With technology developing at its current rate, life gets more like an episode of the Jetsons with every passing year. One of the most obvious of recent advances is the driverless car. The new autonomous cars may usher in a new, safer mode of transport but they will also bring with them new challenges and questions regarding accountability when collisions do inevitably occur.
Although most famously in development by Google, the driverless car is a vision that took root back in the early 90's, before Google had even launched its ubiquitous search engine. By September 2014, however, all eyes were on Google's driverless car initiative. At that time it looked like we may have a little longer to come to terms with what a world of autonomous cars might look like.
Back then (all of a year ago), prototype cars had several glaring shortcomings. Not least of which was their inability to discern the density of obstacles in their path and deal with the unexpected. They were as likely to swerve to avoid hitting a ball of rolled up paper as they were to serve to avoid a rock. They also couldn't spot potholes and had not been tested in extreme weather conditions.
Chris Urmson, director of Google's autonomous car team, acknowledged the many challenges they were dealing with in an article in the MIT Technology Review but, he said, overcoming them was going to happen more quickly than people might think. His personal deadline, was to have driverless cars become a reality on our roads within the next five years – around about the time his own 11 year old son turns 16.
Driverless Cars and Safety
Given the horrifying numbers of teenagers that are killed on our roads every year – approximately seven kids between the ages of 16 and 19 die every single day from injuries sustained in a car accident – Urmson's vision must be music to many parent's ears.
Certainly Google is vocal about the safety of their driverless car technology and many of the issues that were highlighted in that MIT Technology Review article have already been resolved. In a Ted talk titled, How a driverless car sees the road, Urmson delighted the audience with a video showing autonomous cars gracefully handling many unexpected situations including:
- a woman in an electric wheelchair chasing a duck in circles on the road
- a bird flying across in front of the car
- a person jumping out a truck in front of the car
- late turning car in front
Among all the scenarios shown that day, Chris Urmson highlighted one that is close to the heart of our own Scott Edwards. Scott is a keen cyclist and vocal advocate for cycling safety.

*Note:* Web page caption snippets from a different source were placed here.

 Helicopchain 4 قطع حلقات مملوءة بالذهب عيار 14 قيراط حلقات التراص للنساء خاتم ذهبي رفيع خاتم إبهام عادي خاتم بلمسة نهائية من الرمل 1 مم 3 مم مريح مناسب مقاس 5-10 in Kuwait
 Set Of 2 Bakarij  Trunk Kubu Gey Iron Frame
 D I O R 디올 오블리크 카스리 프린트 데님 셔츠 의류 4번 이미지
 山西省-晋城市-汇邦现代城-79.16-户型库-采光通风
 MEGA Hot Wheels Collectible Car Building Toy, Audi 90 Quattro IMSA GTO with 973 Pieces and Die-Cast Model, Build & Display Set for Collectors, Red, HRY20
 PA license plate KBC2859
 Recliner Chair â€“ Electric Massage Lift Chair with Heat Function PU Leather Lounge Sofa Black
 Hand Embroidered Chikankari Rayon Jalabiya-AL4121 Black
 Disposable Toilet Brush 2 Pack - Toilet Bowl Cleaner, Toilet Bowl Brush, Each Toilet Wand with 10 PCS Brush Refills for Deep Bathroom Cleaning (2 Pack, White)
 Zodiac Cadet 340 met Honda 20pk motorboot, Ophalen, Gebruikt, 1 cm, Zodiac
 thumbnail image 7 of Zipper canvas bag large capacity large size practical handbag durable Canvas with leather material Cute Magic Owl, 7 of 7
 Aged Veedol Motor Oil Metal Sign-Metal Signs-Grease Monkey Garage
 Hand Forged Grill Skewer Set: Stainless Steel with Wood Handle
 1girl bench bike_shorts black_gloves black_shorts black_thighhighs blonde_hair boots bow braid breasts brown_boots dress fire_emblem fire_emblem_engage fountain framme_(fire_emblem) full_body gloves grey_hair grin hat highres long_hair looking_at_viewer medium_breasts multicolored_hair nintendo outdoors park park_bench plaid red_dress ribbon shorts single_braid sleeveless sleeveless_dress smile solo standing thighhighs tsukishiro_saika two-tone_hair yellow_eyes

Car accidents involving cyclists are often due to the poor visibility of the much smaller cycle. The video showed that thanks to laser data, the driverless car ‘sees' the cyclist before it would be possible for any human driver to do so. While the Google prototype anticipated that the cyclist was going to continue across the intersection, the human drivers started to pull forward. A nasty accident between standard driver and cyclist was avoided only because of the cyclist's quick reactions.
Any technology that makes the roads safer for all users is a good thing. As a personal injury lawyer, nothing would make me happier than never to have to take on another wrongful death or injury case caused by a careless driver neglecting to check for a cyclist in his blind spot.
Given Urmson's impressive Ted talk, it might come as a surprise to find out that Google's fleet of autonomous test cars has been involved in a rash of bumps and fender benders recently. Ironically, all of the accidents, have been attributed to human error. The latest of these occurred this July, when a distracted driver rear-ended a Lexus loaded with Google's self drive technology injuring three Google employees in the process.
Auto Insurance and Driverless Cars
Interestingly, a report from KPMG backs Google's safety assertions and predicts a sea change within the automobile insurance industry:
A continual decline in the frequency of accidents will drive a drop in industry loss costs and subsequently premium, with a precipitous fall starting as the car stock begins to convert. The mix of insurance will also likely change, as commercial and product liability lines expand. Within 25 years, our models suggest a scenario where the personal automobile insurance sector could shrink to less than 40 percent of its current size.
However, there are a few nay-sayers who remain less than convinced. In a recent article titled What Google didn't say about its self-driving cars, Jon Healey of the Los Angeles Times pointed out that while Chris Urmson was quick to deflect the blame for any of the accidents from the driverless cars and onto human drivers, he was less forthcoming about the actual cause of these accidents.
For example, he asks, did the accidents occur while the cars were in self driving mode or being manually operated and have these collisions alerted Google to any potential weakness in design or operation that will be fixed in a future software update?
We don't know whether the human driver inside Google's cars ever had to take control to avert an accident. And Urmson provided no clues whether the accidents were correlated with particular traffic conditions — say, for example, urban rush hours.
Anyone who has been following recent car recalls is aware that current automotive technology is far from flawless, however, Healey states that advocates of self-driving cars have to convince safety authorities that their technology can handle everything that unpredictable human drivers, bicyclists and pedestrians can throw at it, and do so as reliably as the mechanical systems on the average car. What will happen, he asks, when a driverless car is involved in an accident?
In fact, governments may have less tolerance for software bugs than they do for tires that go flat and accelerator pedals that get stuck on floor mats. And they have to come up with an acceptable framework for deciding who's at fault when there's a wreck caused by an autonomous vehicle — the software developer, the maker of the sensors and radar systems, the owner of the car or the passenger that didn't seize control in time to avert the collision.